Khalid Baheyeldin kb at 2bits.com
Sat Jul 24 23:10:14 EDT 2010


On Sat, Jul 24, 2010 at 5:38 PM, Insurance Squared Inc. <
gcooke at insurancesquared.com> wrote:

> GPL just streamrolled right over a commercial application.
>
> Background: Most folks here know wordpress as a content management
> system/blogging platform.    Chris Pearson created a paid theme called
> 'Thesis' and promoted the heck out of it, right down to affiliate marketing.
>  By all accounts he was wildly financially successful.  The thesis 'theme'
> is actually a combination theme, toolset, and theme development package.  I
> personally bought and use the 'developer' license of the Thesis theme.
>
> The folks at wordpress got into a twitter/interview/blogosphere argument
> with the developer of this theme, suggesting that because of the theme's
> association with wordpress, which is GPL, that therefore the theme must also
> be GPL (instead of $89 or whatever it was that he was charging.  I think I
> paid $150).
>
> Long story short, the thesis theme is now effectively GPL.   Some articles
> on this:
> http://mixergy.com/chris-pearson-matt-mullenweg/
> http://mixergy.com/chris-pearson-thesis-interview/
> http://mashable.com/2010/07/22/thesis-relents/
> http://www.webmasterworld.com/content_management/4173762.htm
>
> Interesting application of the GPL forcing someone to release code from a
> very profitable business model.  Also this may stifle some creativity in
> wordpress themes - one of the reasons many people use wordpress instead of
> better CMS's like drupal.  Which is ironic, since wordpress forced this
> issue and it may end up harming them.
>
> Actually - actually!  This may be good news. Because now someone can port
> this over to drupal (something I've actually wanted) and I can get rid of
> the tech nightmare that is wordpress.
>
> g.
>

The question here is what is "derived work" and whether a Wordpress theme
fits that definition or not.

By the way, Drupal has the same stance: all modules and themes are derived
work too, and hence GPL (at least the PHP portion of themes, not images).

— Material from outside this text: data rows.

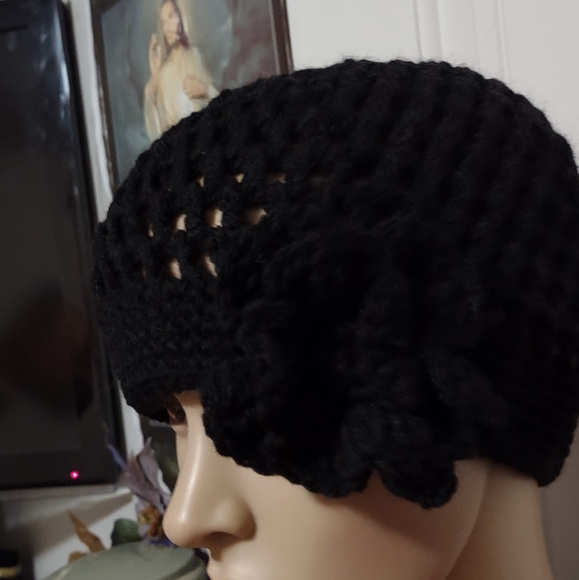 Handmade hat for girls - Picture 2 of 2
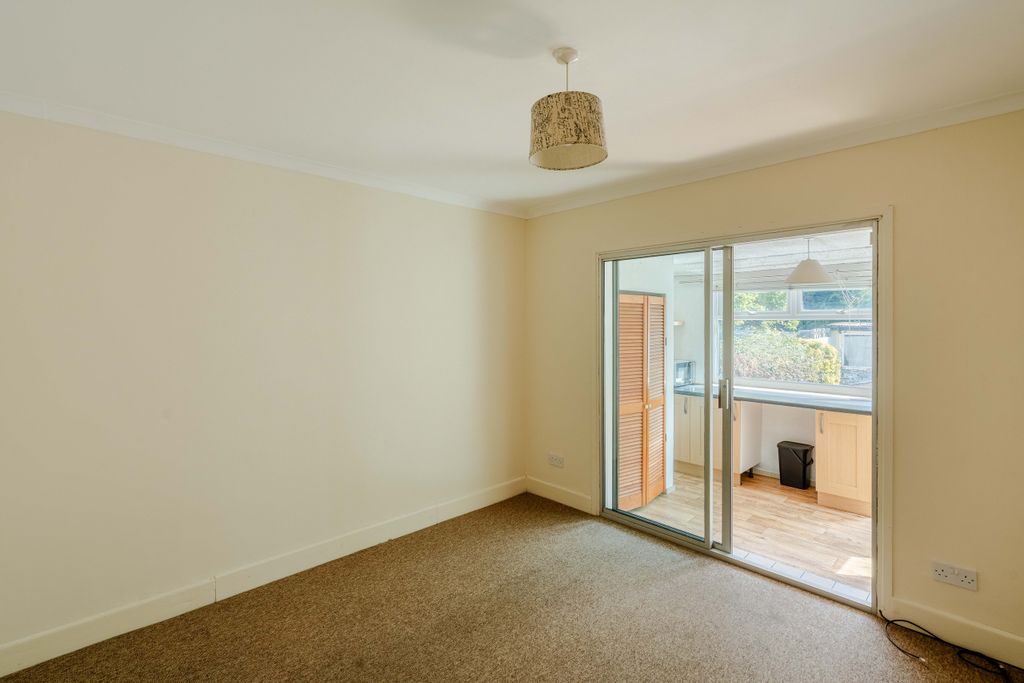 Property photo 2 of 19 13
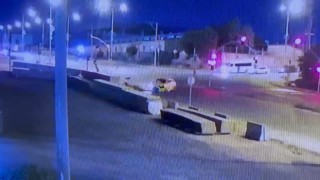 Kavşakta feci kaza güvenlik kamerasında: 1 ölü, 1 yaralı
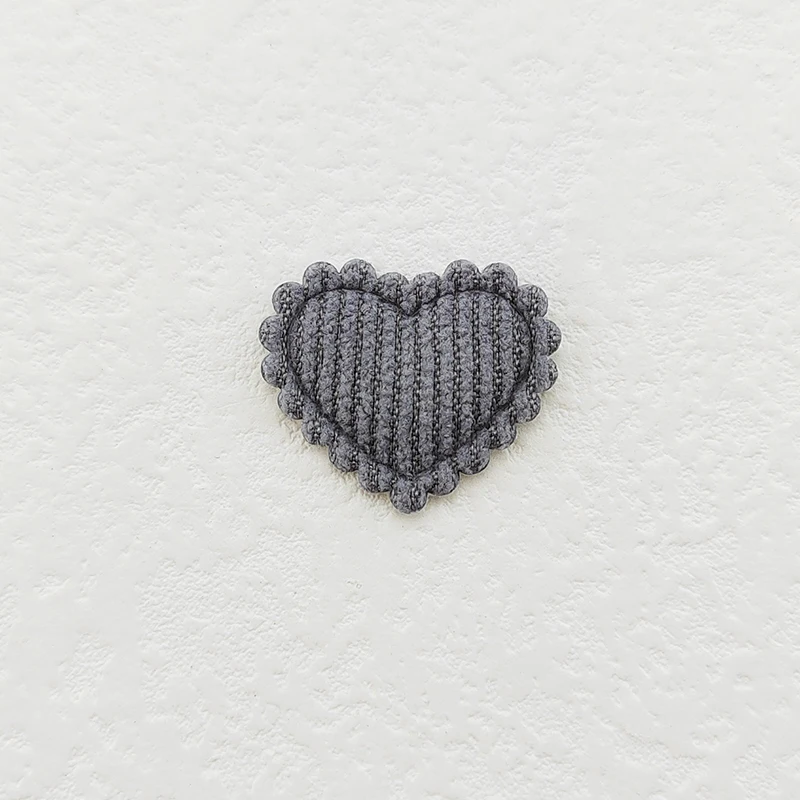 100 Stück 2,5x2,1CM Mini Glänzende Herz-Applikationen zum Aufnähen auf Kleidung, Hüten, DIY-Kopfbedeckungen, Haarspangen, Schleifen-Deko-Accessoires – Detail 18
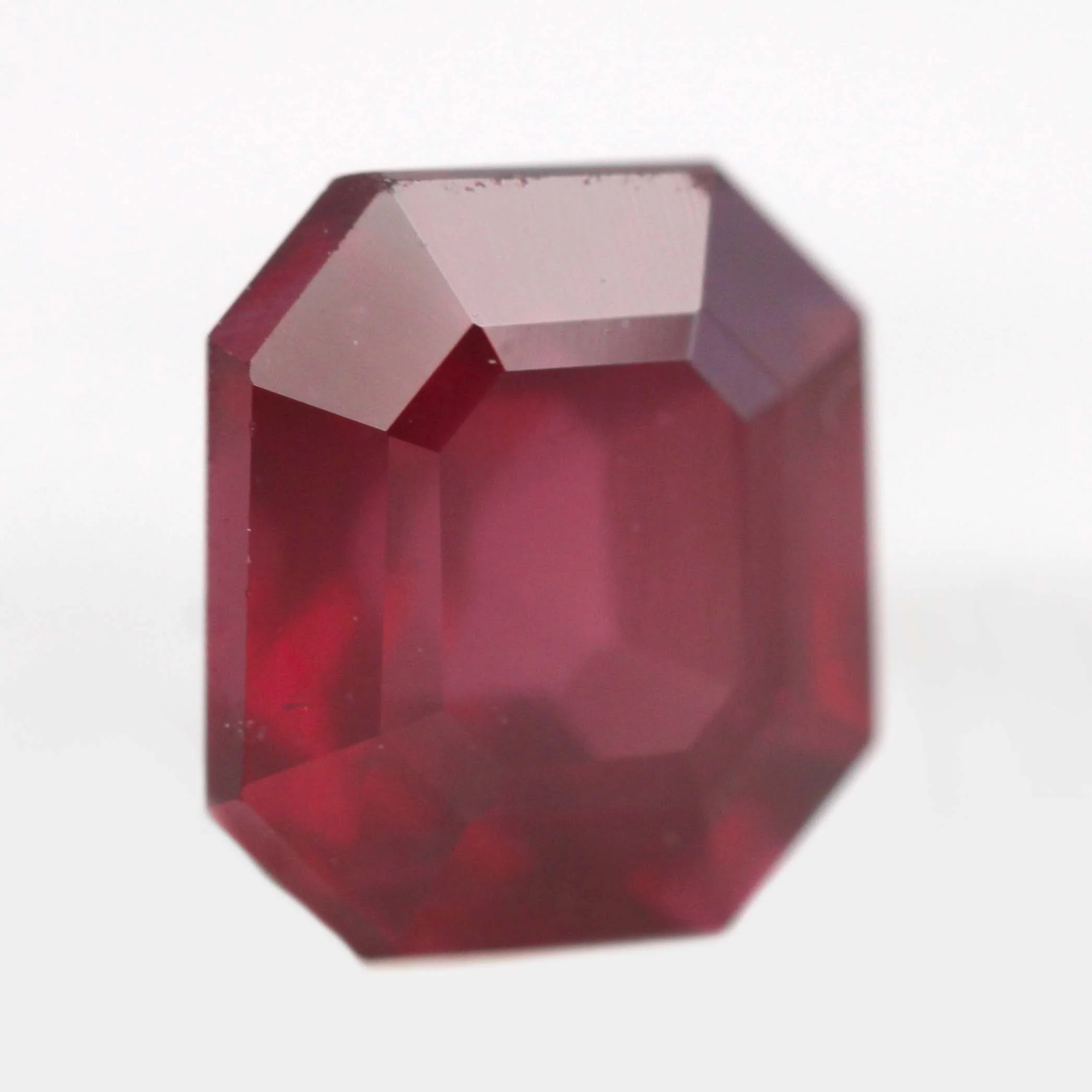 2.38 Carat Asscher Cut Rhodolite Garnet for Custom Work - Inventory Code AGARN238 - Image 3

The only CMS that has a different stance is Joomla, who say that extensions
and plugins are not GPL automatically.

And in the kernel world, we have Linus asserting that all device drivers
written
specifically for Linux are GPL and derived work.

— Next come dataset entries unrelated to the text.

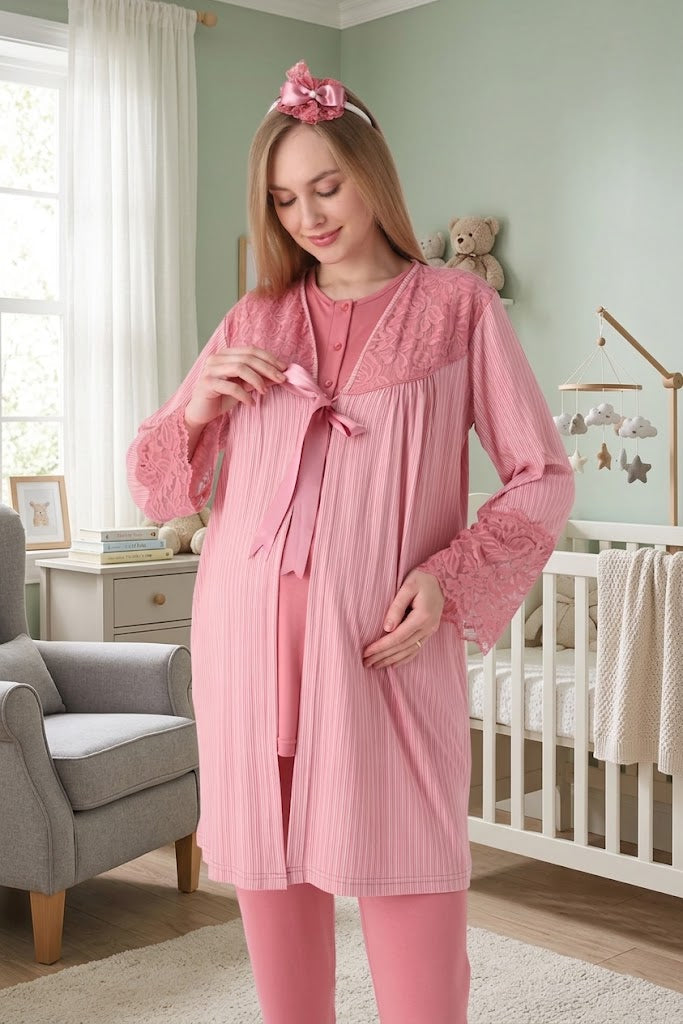 Nar Çiçeği Kısa Kollu Güpür Detaylı Emzirme Kolaylıklı Sabahlıklı Lohusa Pijama Takımı-3472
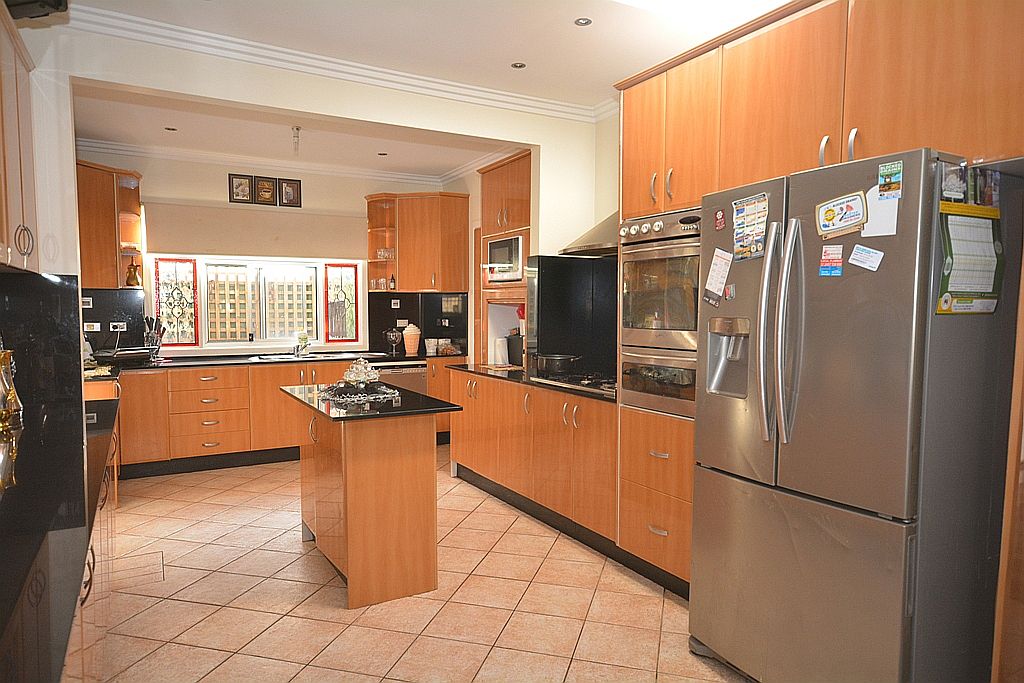 11, MERRYLANDS, New South Wales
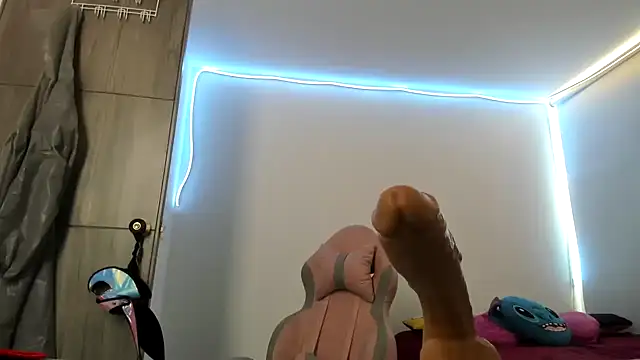 Spit queen online show from 02.04.25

So this stance is not unique to Wordpress or Drupal by any means ...

The whole stance depends on what the GPL FAQ used to state which can be
paraphrased as "if programs run in the same address space, then the GPL
applies to everything in the address space". That wording was created in the
GPL when the world was composed of compiled programs with static of shared
libraries, and the GPL wanted to make sure that there was no closed source
library that is non GPL yet your application depended on it to function,
hence
the stance was to prevent this loophole.

Here is the "same address space" stance from the FAQ:
http://www.gnu.org/licenses/gpl-faq.html#GPLAndPlugins
http://www.gnu.org/licenses/gpl-faq.html#GPLPluginsInNF

The workaround is to run your proprietary stuff over a socket and interface
to the GPL application and now you have legally circumvented the GPL.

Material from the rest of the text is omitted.